Our robot will learn "affordances", sort of.
It will infer an object from its appearance. Then it will learn how that appearance predicts how the object responds to actions directed towards that object.
What it will learn is a mapping from object and action to consequence. We propose to represent the approximately 10d object, action, state mapping using and modifying the GMM library already in iCub. GMMs have the advantage of quickly learning high dimensional non-linear mappings. For motor actions we
modify use the Action Primitives library.
Vision, state estimation and data association will be done with IQR and some other bits (guys?).
As a final demo, it will play "golf" with the object to get it to a target location - hopefully it will do this at above random capability after learning with the object for a bit.
The demo will proceed in three phases:
The calibration phase may not be necessary if we can read stuff from files but there are two potential calibration scenarios:
- Obtain height of table using existing demo code that makes robot put its hand on the table and measure force response on impact. Once read this will be streamed to eye2world which will then provide the correct mapping to vision module (or it might just read this from files).
- Obtain offset mapping by making robot grasp an object and then repairing its orientation manually (again using force control). This is probably not relevant since we are learning a mapping anyway and not doing any grasping.
The exploration phase will learn a mapping by trying out different actions in our continuous domain of actions.
The golf phase will exploit that mapping by making inferences about the best actions to take for a given outcome and then just having a go, mate.

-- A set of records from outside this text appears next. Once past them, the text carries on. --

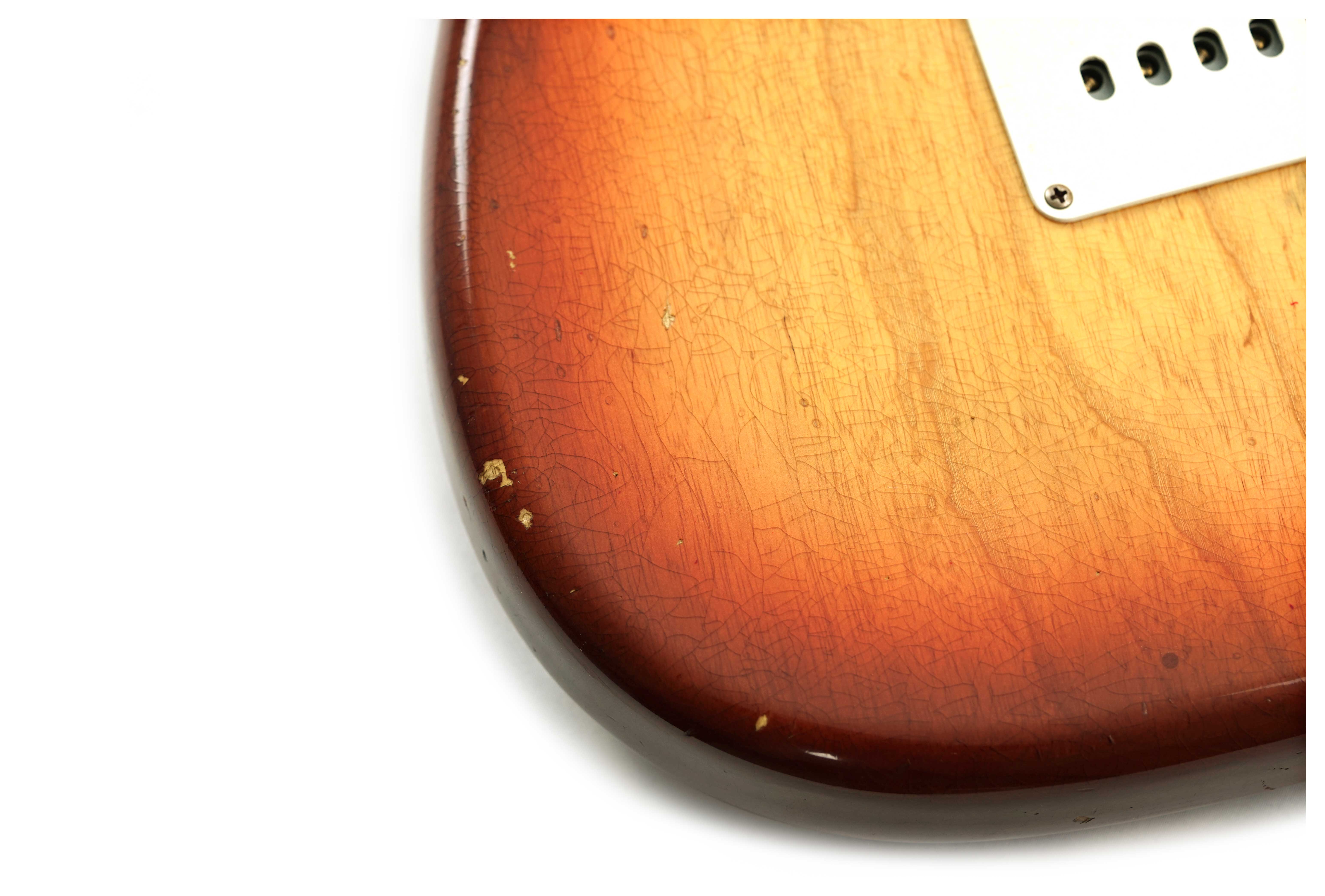 GUITARGUITAR Fender Custom Shop 1956 Stratocaster Journeyman Relic Transparent 3 Tone Sunburst Masterbuilt by Levi Perry #CZ565540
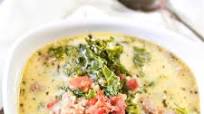 Keto Creamy Tuscan Sausage Soup Keto Creamy Tuscan Sausage Soup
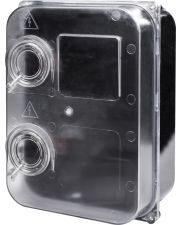 Шкаф под счетчик e.mbox.stand.plastic.n.f3.прозрачный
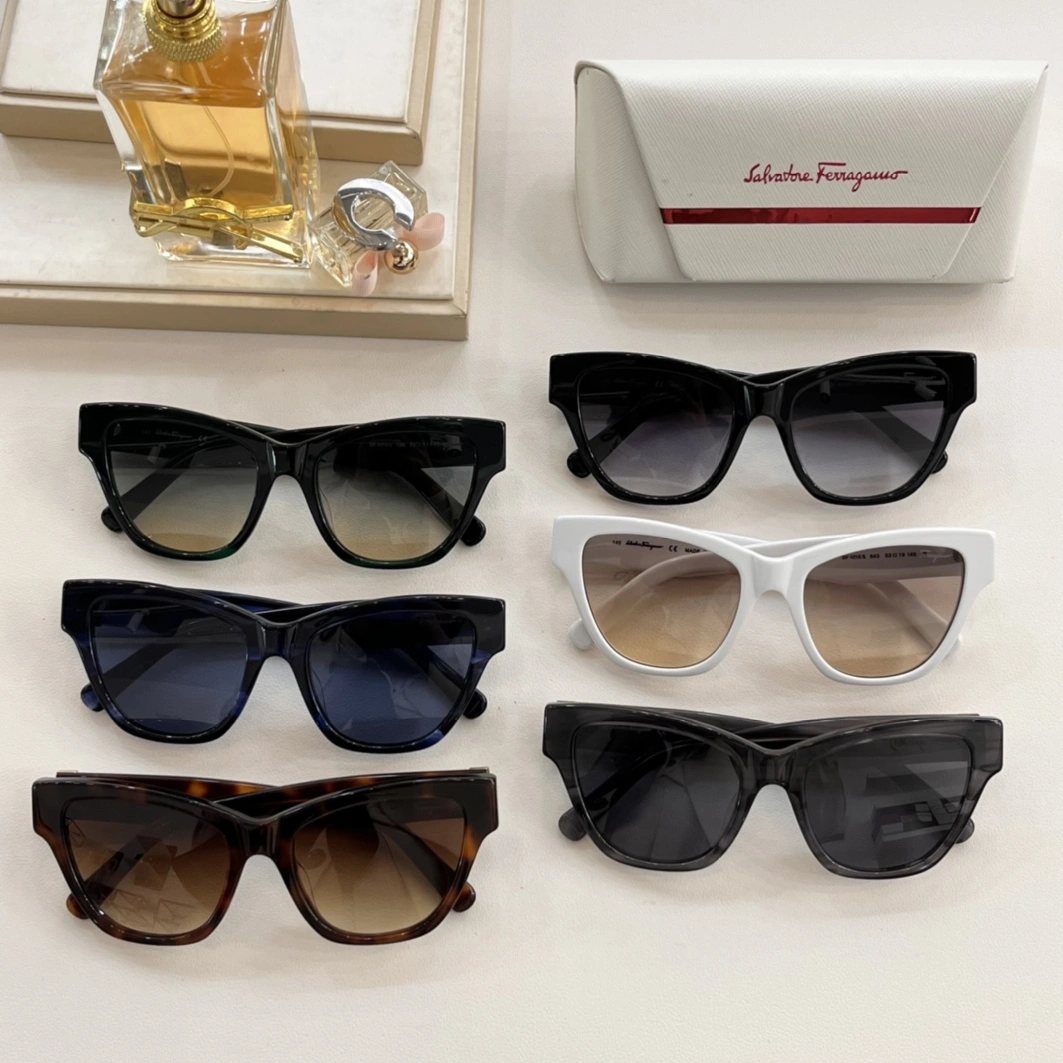 Refined 5452 Salvatore Ferragamo AAA Quality Sunglasses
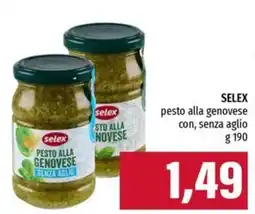 Emi Supermercati Selex pesto alla genovese senza aglio offerta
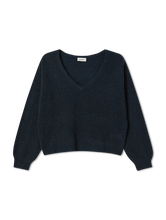 Bild von Strickpullover mit Alpaka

Shall we chose an object and attempt to tap it into any other objects that exist in the visual scene?. This could make a nice demonstration of the multiple object capabilities of Zenon and Andre's data association abilities..
Module port: /iFumble/iconTroll/rpc --> Will expect bottles with one of the following formats: [cali] * cali (vocab): VOCAB4('c','a','l','i'), will CALIBRATE [expl] * expl (vocab): VOCAB4('e','x','p','l'), will EXPLORE [golf] * golf (vocab): VOCAB4('g','o','l','f'), will GOLF [quit] * quit (vocab): VOCAB4('q','u','i','t'), will QUIT or EATSELF (that's what 't','r','o','l','l','s' do)
Vision interface (iCStuff)
We do object recognition using population encoding.. (right?) ... then we send that off to get the data association done and there is localisation done.
We send our image u,v coordinates to eyeToWorld which calculates an x,y,z in the robot space. This gives the object position.
Therefore, the vision module exports the following interface:
Module Port: /iFumble/iCStuff/ObjectOut * This port is constantly streaming output of the form "OBJECT" Label x y z * It will only stream for those objects that are detected - nothing else will be streamed. * The x y and z are in robot pose space, as returned by eye2world.
Poking interface (iFumbly)
We'll be modifying ActionPrimitivesExample or CHRIS equivalent and exposing the interface to fiddle and fumble around!
Module port: /iFumble/iFumbly/rpc --> Will expect bottles with one of the following formats: [cali] * cali (vocab): VOCAB4('c','a','l','i') [fidl] x y z theta rstart ftheta rstop execTime * fidl (vocab): VOCAB4('f','i','d','l') * x (double): target good ol' x [m] (provided by eye2world) * y (double): target good ol' y [m] (provided by eye2world) * z (double): target good ol' z [m] (provided by the table height in fact) * theta (double): the hand angle used initially (orientation given by robot) [radians] * rstart (double): the initial hand distance to object [m] * ftheta (double): the final hand angle (orientation given by robot) [radians] * rstop (double): the final hand distance relative to the initial object position [m] * execTime (double): the reference velocity [s]
Module motto: "Fee-fi-fo-fum"
There is some hairiness with coordinate frames to be talked about: We don't know the orientation of the object so our mapping will be orientation independent but probabilistic - so if an object behaves differently according to orientation, we should get a multi-modal distribution. However, during the golf phase there is a natural orientation of our frame of reference is with respect to the target. On the other hand, during both phases there is a natural orientation with respect to the robot torso, the use of which may capture in the mapping something about how the iCub is able to move its hands. Therefore, the writer of this paragraph has decided to suggest that the frame of reference for the above action interface should be centred on the object, but oriented according to the fixed robot torso base.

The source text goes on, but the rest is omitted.